# Kommentare zu: 19 DGzRS - Einsätze am Wochenende



## Anglerboard-Team (8. Mai 2006)

Hier gibts die Infos, ab hier könnt Ihr kommentieren und diskutieren>>>>


----------



## Lionhead (8. Mai 2006)

*AW: Kommentare zu: 19 DGzRS - Einsätze am Wochenende*

Nicht schön.

Ich bin am Wochende auch in Weissenhaus mit dem Schlauchboot draussen gewesen, aber nicht ohne Sicherheitsvorkehrungen.
Leider mußte ich auch mehrere Bellyboatangler beobachten, die trotz Schaumkronen auf den Wellen viel zu weit raus mußten.
Das ist der eine Dorsch mehr nicht wert, meinte ein anderer BB-Fahrer, der dicht unter Land blieb und auch drei schöne Dorsche fing.
Leichtsinnig warwen auch die drei Angler mit Ihren 4m Ruderboot und der schweren Kutter-Pilkausrüstung, die alle ohne Schwimmwesten draussen waren.
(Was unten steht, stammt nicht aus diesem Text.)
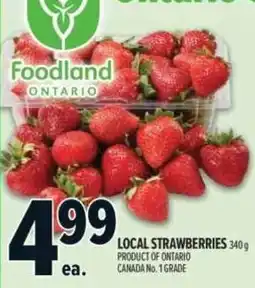 Metro Foodland local strawberries offer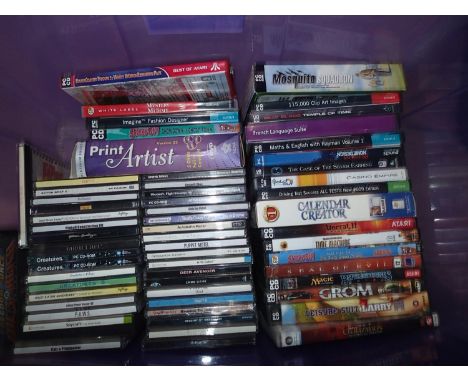 60 mixed, boxed PC games appearing in excellent condition. UK P&amp;P Group 3 (£30+VAT for the first lot and £8+VAT for subse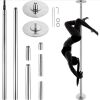 VEVOR Spinning Static Dancing Pole Kit, Height Adjustable 86-104"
Bei 8 Grad Wassertemperatur schwimmt man ohne Weste keine 1000 m bis zum Ufer, selbst mit Weste hat man gute Chancen zu unterkühlen.

Bleibt immer schön vernünftig und verzichtet lieber auf eine Angeltour, kein Fisch der Welt ist mit einem Leben aufzuwiegen.

Jan "Lionhead"


----------



## Thomas9904 (9. Mai 2006)

*AW: Kommentare zu: 19 DGzRS - Einsätze am Wochenende*



> Bleibt immer schön vernünftig und verzichtet lieber auf eine Angeltour, kein Fisch der Welt ist mit einem Leben aufzuwiegen.


Und denkt dran, dass die DGzRS sich nur durch Spenden finanziert - Ihr könntet die Jungs mal brauchen...................


----------